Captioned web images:
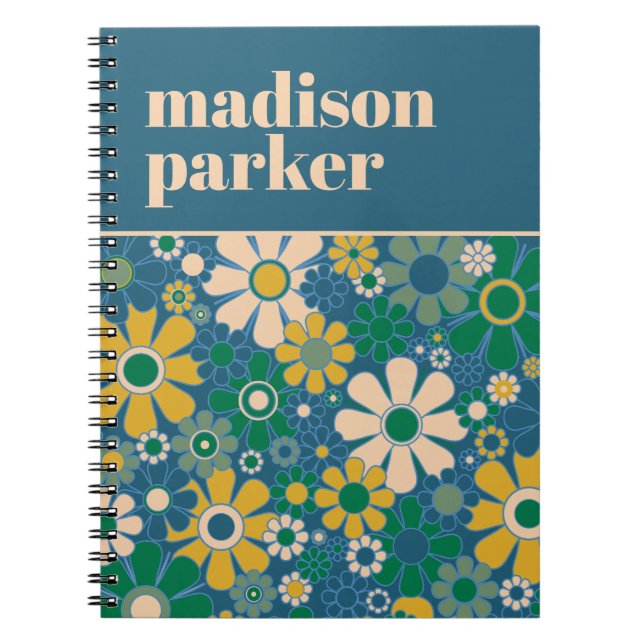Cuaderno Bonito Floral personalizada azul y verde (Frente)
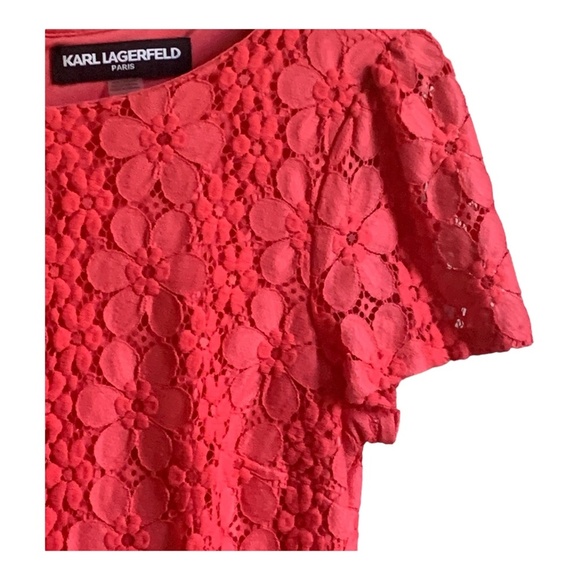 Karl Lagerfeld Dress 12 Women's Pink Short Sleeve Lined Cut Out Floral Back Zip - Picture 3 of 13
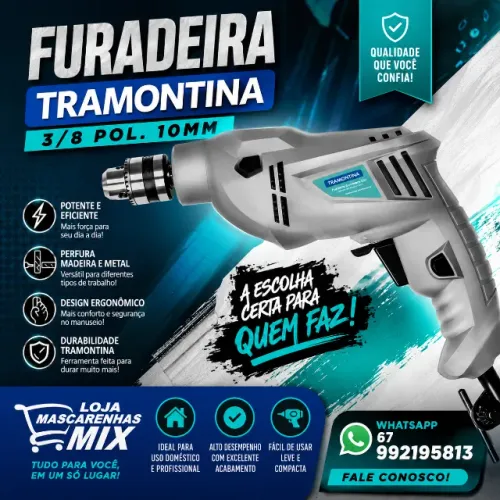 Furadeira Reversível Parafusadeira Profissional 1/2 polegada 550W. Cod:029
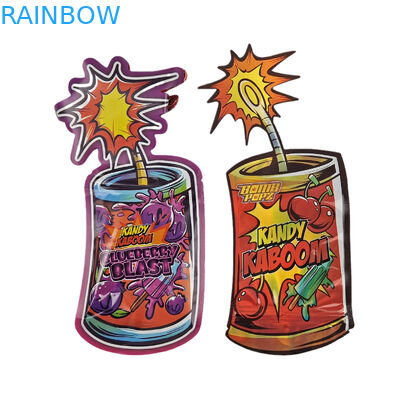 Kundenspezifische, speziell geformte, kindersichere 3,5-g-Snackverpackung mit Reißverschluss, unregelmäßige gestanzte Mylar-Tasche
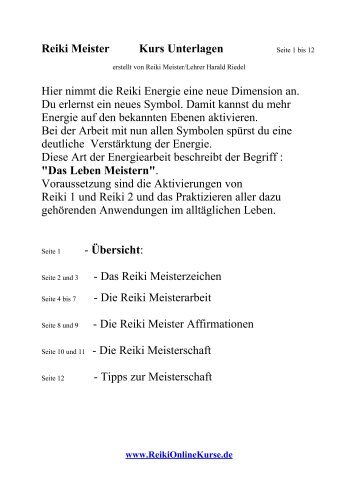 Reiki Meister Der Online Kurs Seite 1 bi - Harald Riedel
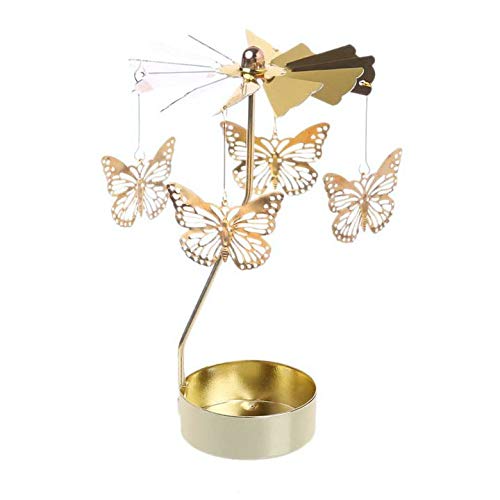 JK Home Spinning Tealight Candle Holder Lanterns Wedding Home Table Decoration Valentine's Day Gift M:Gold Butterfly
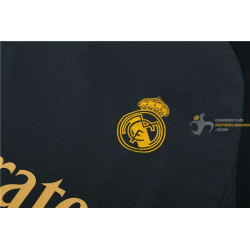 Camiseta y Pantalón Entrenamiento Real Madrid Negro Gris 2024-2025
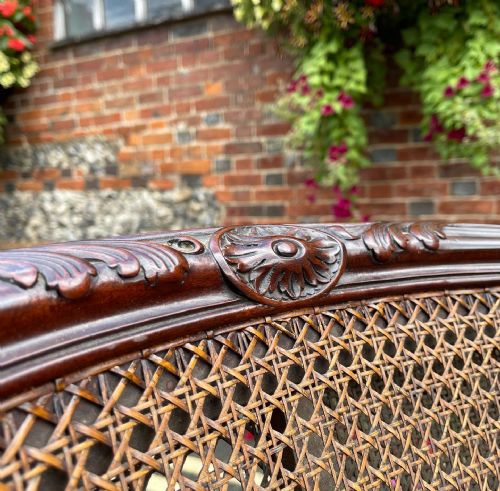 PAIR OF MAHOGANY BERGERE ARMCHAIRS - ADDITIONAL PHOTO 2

> _WHAT IS EXPECTED_: Please transcribe exactly the lines from the one that contains "Camiseta y Pantalón" through the closing line of the entries, with no pictures.

> _PROBLEM SOLUTION_:
 Camiseta y Pantalón Entrenamiento Real Madrid Negro Gris 2024-2025
 PAIR OF MAHOGANY BERGERE ARMCHAIRS - ADDITIONAL PHOTO 2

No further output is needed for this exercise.